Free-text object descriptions
*** Begin section ***
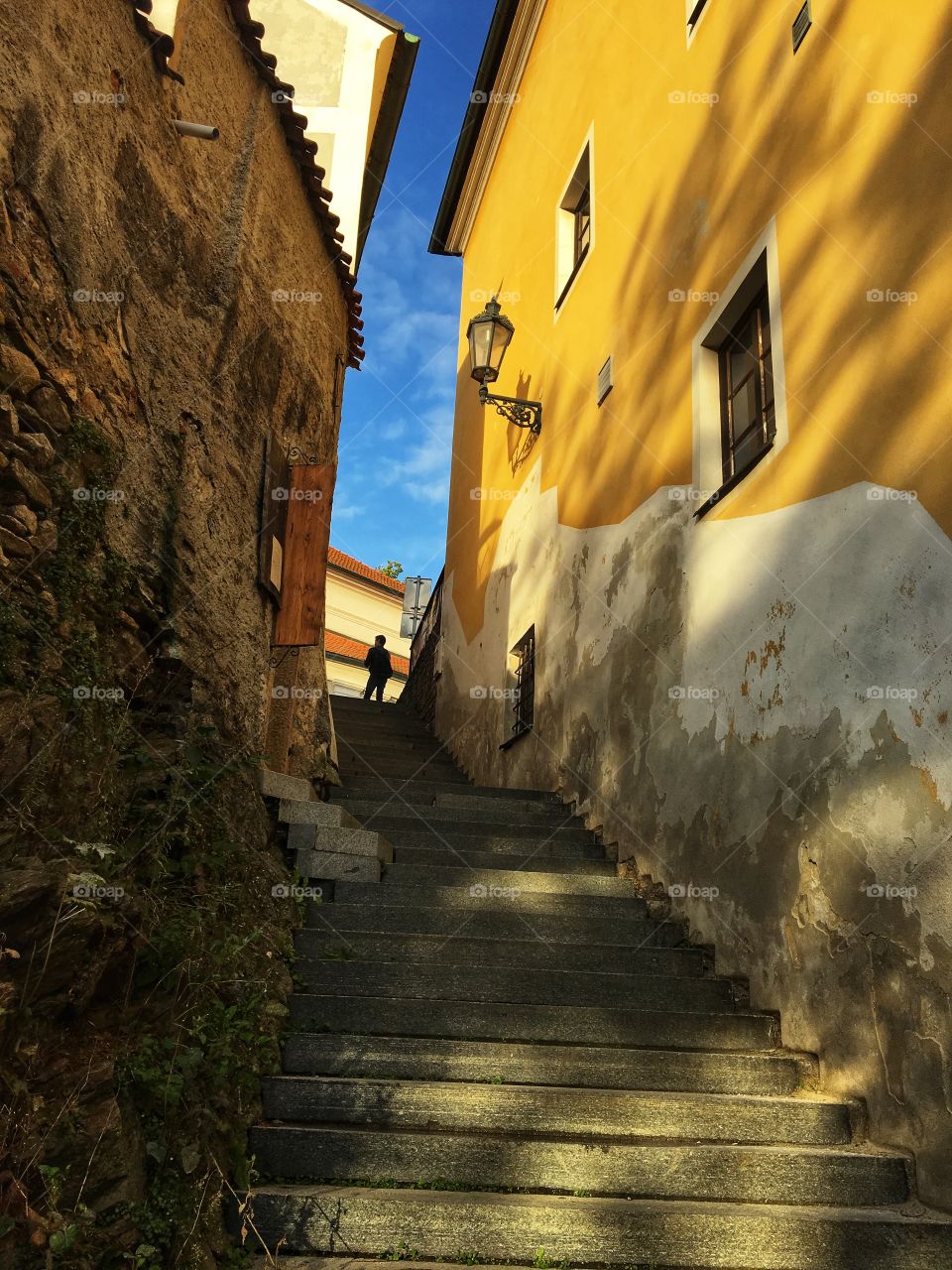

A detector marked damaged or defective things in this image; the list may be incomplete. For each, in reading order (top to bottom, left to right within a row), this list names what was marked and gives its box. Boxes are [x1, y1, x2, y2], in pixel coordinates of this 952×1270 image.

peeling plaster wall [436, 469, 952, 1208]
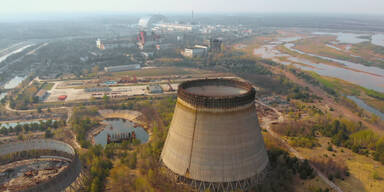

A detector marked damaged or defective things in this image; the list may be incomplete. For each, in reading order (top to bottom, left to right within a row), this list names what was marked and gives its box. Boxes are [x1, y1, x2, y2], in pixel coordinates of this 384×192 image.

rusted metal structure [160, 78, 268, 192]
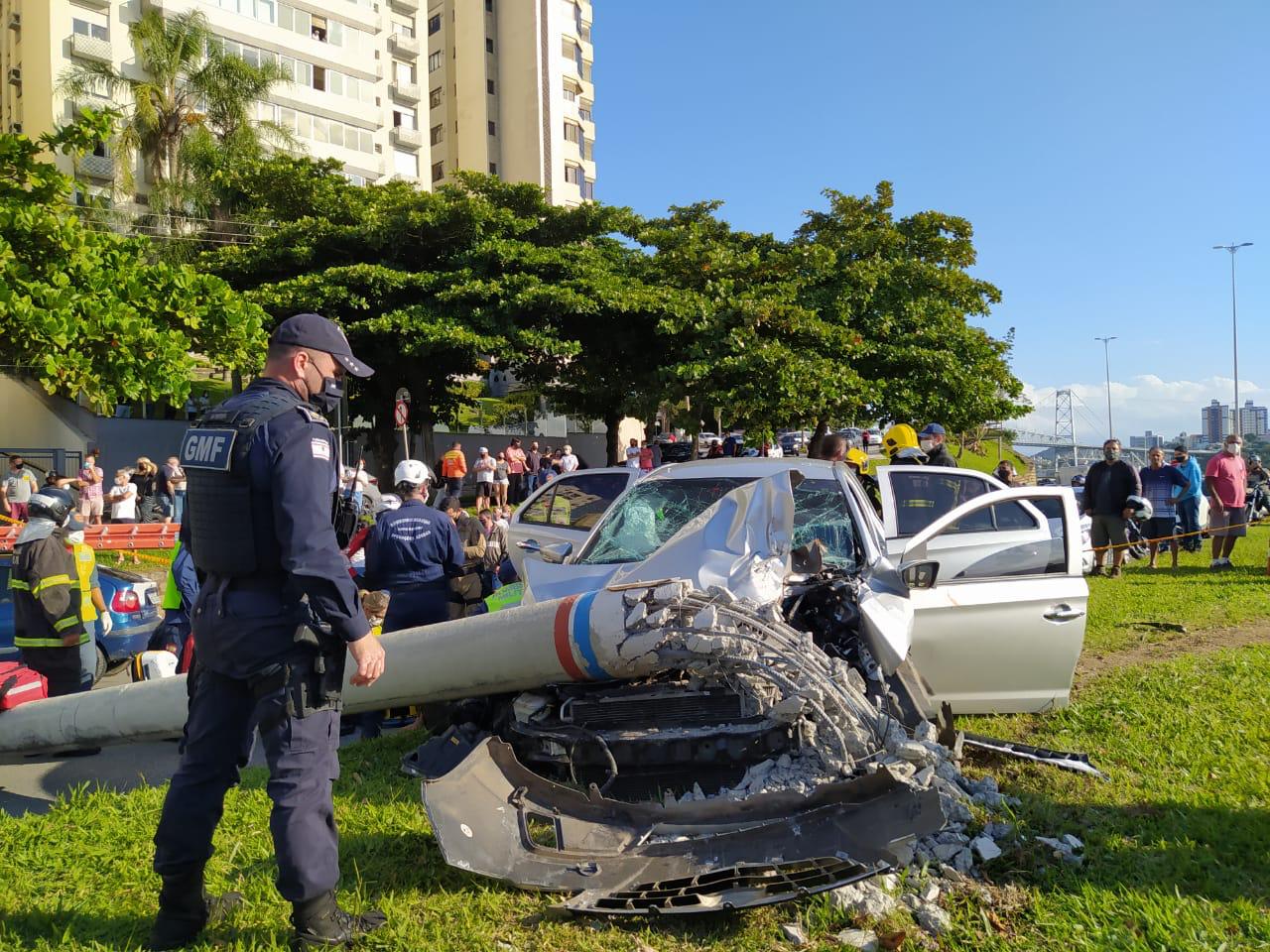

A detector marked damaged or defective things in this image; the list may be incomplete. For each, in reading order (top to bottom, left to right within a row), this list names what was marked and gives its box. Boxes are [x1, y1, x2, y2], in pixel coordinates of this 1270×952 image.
*** End section ***
- [Task brief] Write out the data above exactly as it appears, but without any image.

- [Answer to this problem]
A detector marked damaged or defective things in this image; the list may be incomplete. For each, in reading order (top to bottom, left to right within a row), this list names what was marked and gives its box. Boxes are [x1, y1, x2, y2], in pixel coordinates of this 952×1270 image.

peeling plaster wall [436, 469, 952, 1208]

A detector marked damaged or defective things in this image; the list may be incomplete. For each, in reading order (top to bottom, left to right within a row), this list names what was marked and gives its box. Boxes are [x1, y1, x2, y2], in pixel coordinates of this 384×192 image.

rusted metal structure [160, 78, 268, 192]

A detector marked damaged or defective things in this image; the list may be incomplete. For each, in reading order (top to bottom, left to right within a row), this list names what was marked and gives its box. Boxes are [x1, y1, x2, y2], in pixel coordinates of this 1270×952 image.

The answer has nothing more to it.